Nouveau modèle commercial et adaptation locale progressive
Les nouveaux espaces commerciaux – répartis sur 500 à 1 000 m² à Limoges, Angers, Dijon et Grenoble – seront inaugurés progressivement. Selon le porte-parole français de Shein, Quentin Ruffat, l’assortiment proposé restera d’abord centré sur la collection « hivernale », mais s’élargira dès avril avec davantage de produits saisonniers et adaptés aux préférences locales. Le modèle d’exploitation évolue également : désormais, la gestion des commandes incombera à Shein tandis que la SGM continuera d’administrer les vendeurs. Le BHV percevra désormais une commission sur chaque vente. Cette expérimentation reste cependant suspendue à ses résultats : si le succès n’est pas au rendez-vous dans un an, l’essai sera abandonné.

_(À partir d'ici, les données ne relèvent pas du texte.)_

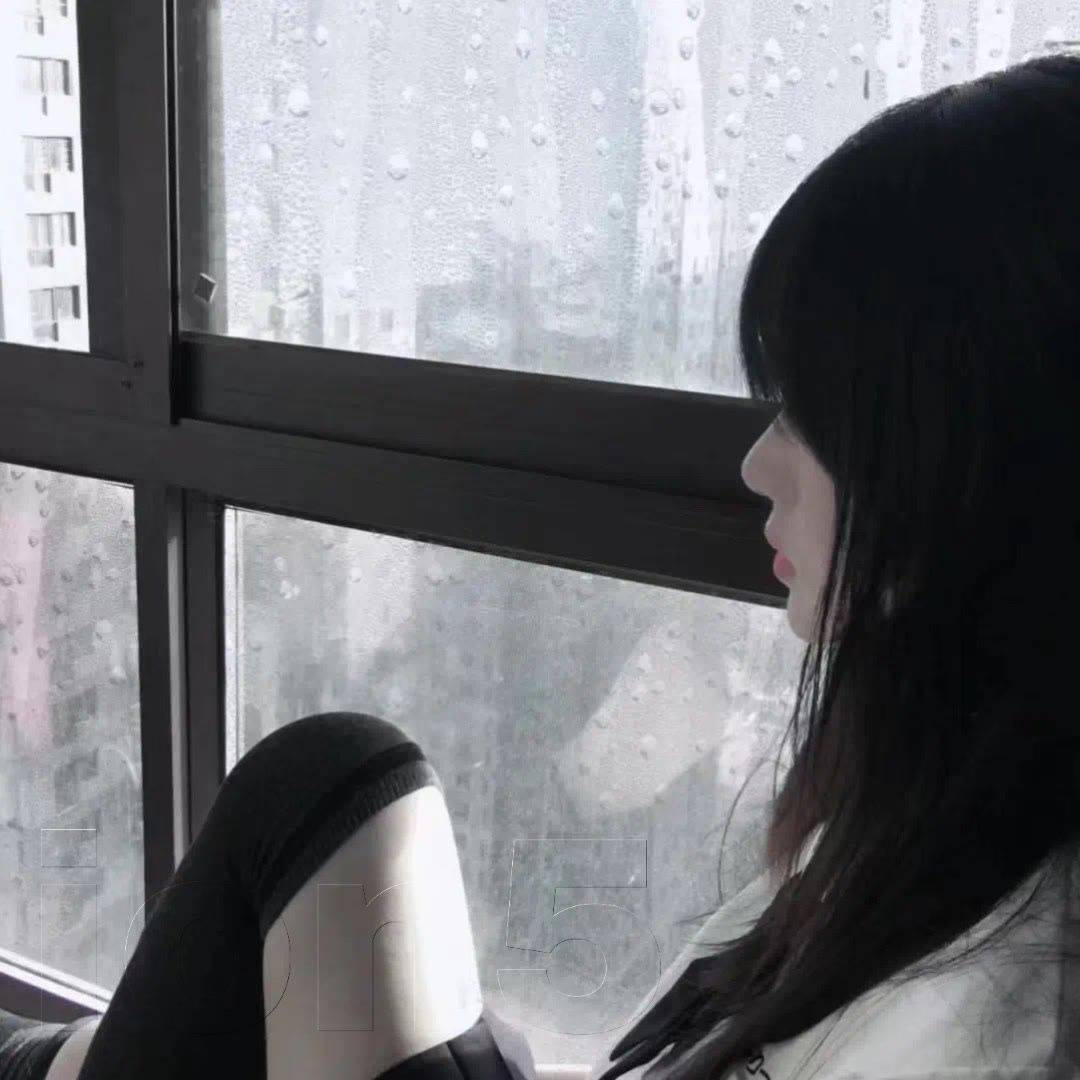 好困呀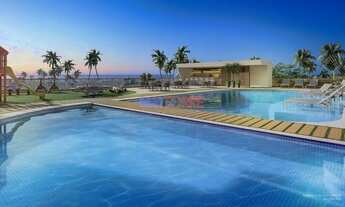 Imagem 3: Apartamento à venda, Nossa Senhora da Vitória, Ilhéus, BA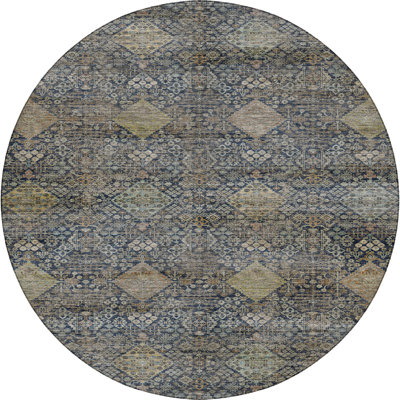 Rug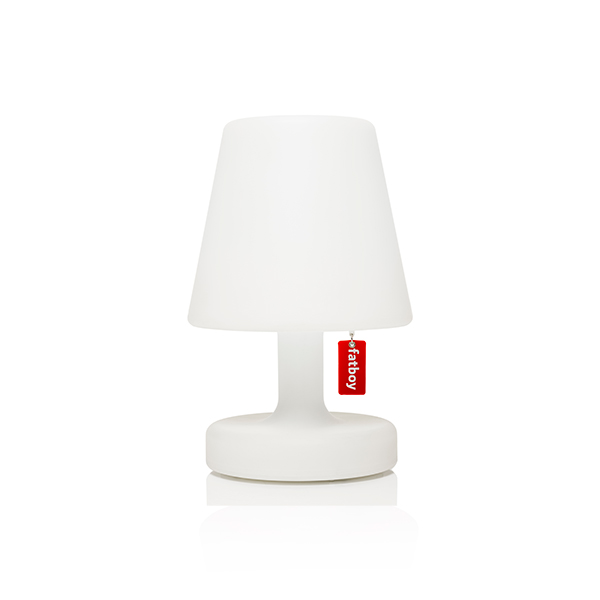 Edison the Petit Table lamp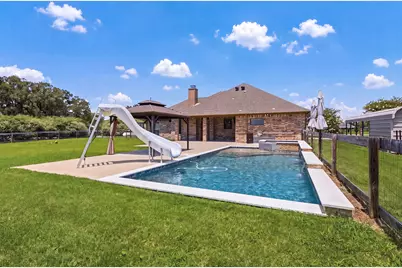 8700 Tejas Ranch Loop, Bryan, TX 77808 - Photo 35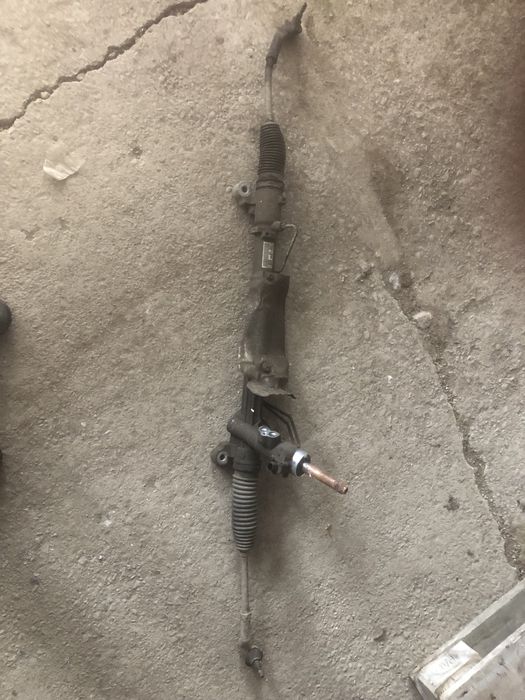 Caseta Directie Ford Focus 2 Ford C Max 5M51-3200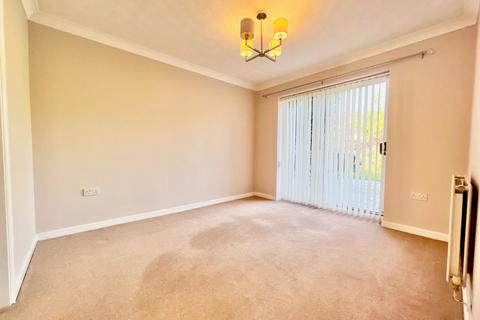 2 Bellmer Croft, Birdwell, Barnsley, S70 5SR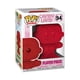 thumbnail image 2 of Funko Pop! Retro Toys: Candyland - Player Game Piece Multicolor Funko -, 2 of 2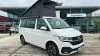 Volkswagen California Beach Camper TDI 110KW (150CV) 4MO DSG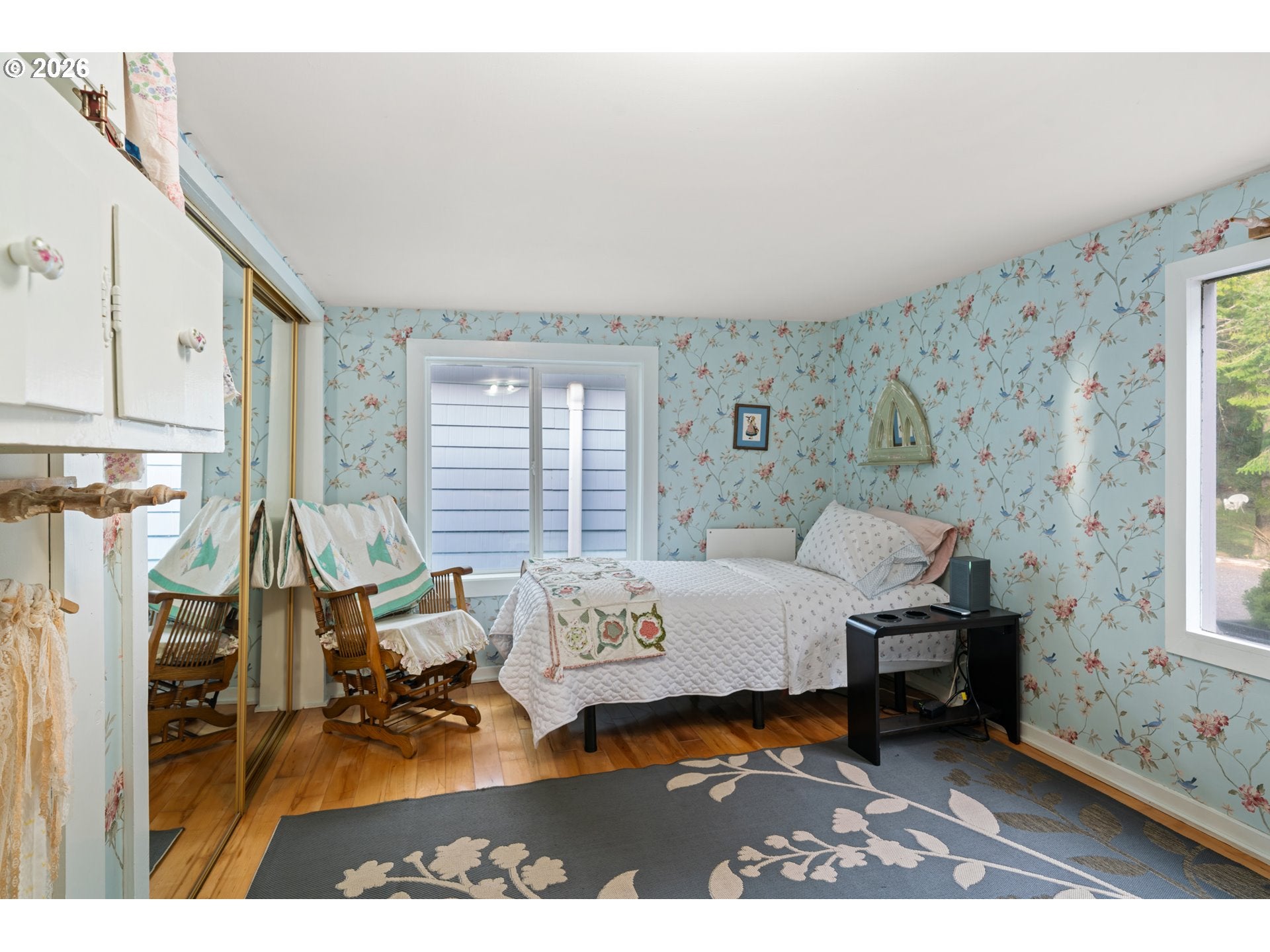 Gold Beach, Oregon, 97444, United States, 3 Bedrooms Bedrooms, ,2 BathroomsBathrooms,Residential,Active,2011203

Parmi les précisions apportées récemment figure également une volonté d’ajuster les prix en magasin – un point sensible pour nombre de clients, parfois déçus par des tarifs jugés plus élevés qu’en ligne. À cela s’ajoute une diversification prévue de l’offre : grandes tailles, mode enfantine ou encore opérations commerciales spécifiques sont annoncées.
L’opposition locale persiste, mais Shein vise large
Malgré ces ajustements, la contestation ne faiblit pas chez certains élus locaux comme Nathalie Koenders, maire PS de Dijon, ou encore Éric Piolle, maire écologiste de Grenoble. Même le groupe historique Galeries Lafayette a coupé les ponts avec la SGM sur sept magasins désormais rebaptisés BHV pour marquer son désaccord avec l’arrivée du géant chinois dans ses anciens murs.
Pourtant, côté chiffres, Shein revendique un « succès populaire » avec quelque 25 millions d’utilisateurs uniques français, dont 95 % résideraient hors des grandes métropoles. De quoi expliquer une stratégie régionale qui intrigue autant qu’elle divise aujourd’hui le paysage commercial français.